**Dataset items**
+++
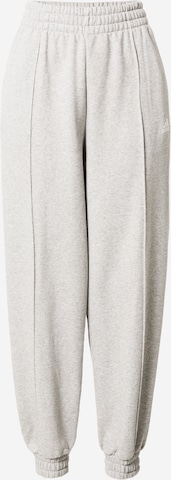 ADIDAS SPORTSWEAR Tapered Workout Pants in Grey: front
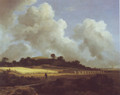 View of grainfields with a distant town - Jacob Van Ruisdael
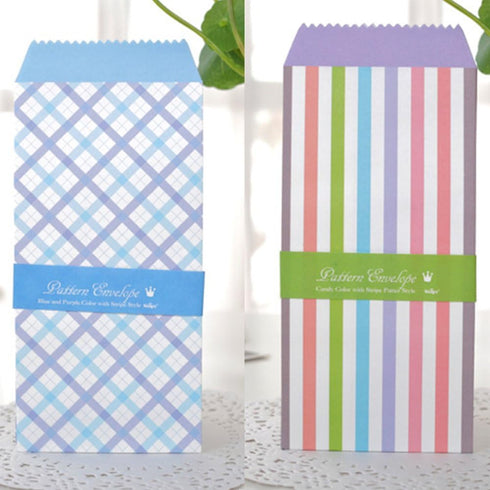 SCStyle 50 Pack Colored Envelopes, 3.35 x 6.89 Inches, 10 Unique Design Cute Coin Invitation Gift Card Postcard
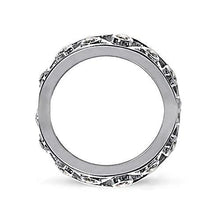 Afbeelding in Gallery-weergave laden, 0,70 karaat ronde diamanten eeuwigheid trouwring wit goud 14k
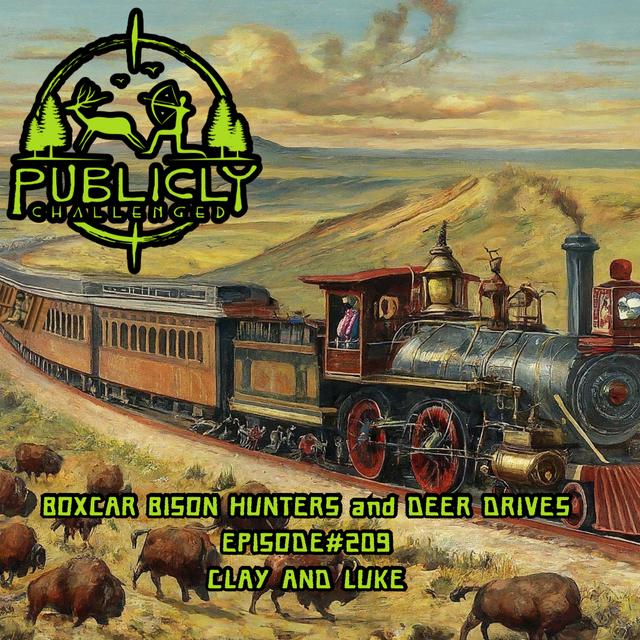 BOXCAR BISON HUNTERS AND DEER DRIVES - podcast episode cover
+++
**What is required**
Return only the lines from the line containing "View of grainfields" through the last line of the records above, both ends included, exactly as written, leaving pictures out.

**Solution below**
 View of grainfields with a distant town - Jacob Van Ruisdael
 SCStyle 50 Pack Colored Envelopes, 3.35 x 6.89 Inches, 10 Unique Design Cute Coin Invitation Gift Card Postcard
 Afbeelding in Gallery-weergave laden, 0,70 karaat ronde diamanten eeuwigheid trouwring wit goud 14k
 BOXCAR BISON HUNTERS AND DEER DRIVES - podcast episode cover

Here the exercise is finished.